*Dataset content*:
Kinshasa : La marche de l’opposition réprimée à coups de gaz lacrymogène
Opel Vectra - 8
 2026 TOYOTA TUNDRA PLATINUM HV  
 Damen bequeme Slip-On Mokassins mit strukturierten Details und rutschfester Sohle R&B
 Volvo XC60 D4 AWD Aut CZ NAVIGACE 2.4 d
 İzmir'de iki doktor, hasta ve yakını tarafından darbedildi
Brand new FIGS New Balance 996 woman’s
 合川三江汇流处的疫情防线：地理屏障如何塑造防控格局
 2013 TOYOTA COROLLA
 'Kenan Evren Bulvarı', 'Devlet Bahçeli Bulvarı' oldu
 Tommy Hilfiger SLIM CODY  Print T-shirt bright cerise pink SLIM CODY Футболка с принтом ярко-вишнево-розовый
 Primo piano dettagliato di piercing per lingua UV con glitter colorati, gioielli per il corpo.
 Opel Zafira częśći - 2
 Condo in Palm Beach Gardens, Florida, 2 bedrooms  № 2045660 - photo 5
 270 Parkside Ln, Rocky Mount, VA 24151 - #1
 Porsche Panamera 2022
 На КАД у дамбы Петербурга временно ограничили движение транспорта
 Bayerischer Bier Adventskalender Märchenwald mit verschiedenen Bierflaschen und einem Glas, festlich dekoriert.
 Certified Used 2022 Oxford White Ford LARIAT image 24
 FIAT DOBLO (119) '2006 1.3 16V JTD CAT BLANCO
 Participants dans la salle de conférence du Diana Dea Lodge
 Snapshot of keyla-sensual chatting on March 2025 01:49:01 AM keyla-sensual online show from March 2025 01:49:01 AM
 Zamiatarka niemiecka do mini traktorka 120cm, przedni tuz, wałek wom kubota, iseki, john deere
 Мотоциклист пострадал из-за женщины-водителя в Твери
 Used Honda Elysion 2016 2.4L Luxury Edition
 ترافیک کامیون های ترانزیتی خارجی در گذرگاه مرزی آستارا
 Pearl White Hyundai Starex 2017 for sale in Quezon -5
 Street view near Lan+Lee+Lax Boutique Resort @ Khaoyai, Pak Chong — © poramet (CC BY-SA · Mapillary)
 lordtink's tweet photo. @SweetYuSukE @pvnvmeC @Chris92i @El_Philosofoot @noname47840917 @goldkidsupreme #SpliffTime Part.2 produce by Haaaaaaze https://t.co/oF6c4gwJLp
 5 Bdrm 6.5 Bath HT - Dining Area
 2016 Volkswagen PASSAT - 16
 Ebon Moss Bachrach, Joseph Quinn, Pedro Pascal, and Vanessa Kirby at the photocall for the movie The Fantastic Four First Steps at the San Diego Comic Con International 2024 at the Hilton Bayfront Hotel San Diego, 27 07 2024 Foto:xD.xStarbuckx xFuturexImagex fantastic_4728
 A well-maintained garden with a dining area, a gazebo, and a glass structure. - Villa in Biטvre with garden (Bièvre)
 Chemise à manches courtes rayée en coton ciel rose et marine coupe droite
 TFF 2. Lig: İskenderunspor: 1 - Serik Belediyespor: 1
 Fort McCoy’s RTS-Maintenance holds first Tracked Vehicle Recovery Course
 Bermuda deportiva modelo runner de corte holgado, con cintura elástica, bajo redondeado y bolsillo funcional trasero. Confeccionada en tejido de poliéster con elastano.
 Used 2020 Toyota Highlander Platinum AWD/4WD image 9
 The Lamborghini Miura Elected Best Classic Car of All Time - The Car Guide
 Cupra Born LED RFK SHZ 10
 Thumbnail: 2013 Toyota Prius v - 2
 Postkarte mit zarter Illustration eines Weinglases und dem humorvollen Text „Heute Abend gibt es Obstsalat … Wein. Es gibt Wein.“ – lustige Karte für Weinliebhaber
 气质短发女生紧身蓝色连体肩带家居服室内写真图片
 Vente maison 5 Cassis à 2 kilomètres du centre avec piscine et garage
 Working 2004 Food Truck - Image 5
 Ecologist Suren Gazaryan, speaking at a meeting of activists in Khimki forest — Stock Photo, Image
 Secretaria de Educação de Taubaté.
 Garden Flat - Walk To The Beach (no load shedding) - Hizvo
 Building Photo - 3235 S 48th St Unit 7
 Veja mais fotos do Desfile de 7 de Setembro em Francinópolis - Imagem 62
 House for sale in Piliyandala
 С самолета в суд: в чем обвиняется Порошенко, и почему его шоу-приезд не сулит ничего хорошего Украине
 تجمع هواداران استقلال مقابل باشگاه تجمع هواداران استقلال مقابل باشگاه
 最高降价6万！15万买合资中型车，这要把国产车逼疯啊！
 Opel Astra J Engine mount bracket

*Your instructions*: In the data above, start at the line that has "Building Photo - 3235 S 48th St Unit 7", stop after the line that has "С самолета в", and print every line in between exactly as it stands.

*Output for this task*:
 Building Photo - 3235 S 48th St Unit 7
 Veja mais fotos do Desfile de 7 de Setembro em Francinópolis - Imagem 62
 House for sale in Piliyandala
 С самолета в суд: в чем обвиняется Порошенко, и почему его шоу-приезд не сулит ничего хорошего Украине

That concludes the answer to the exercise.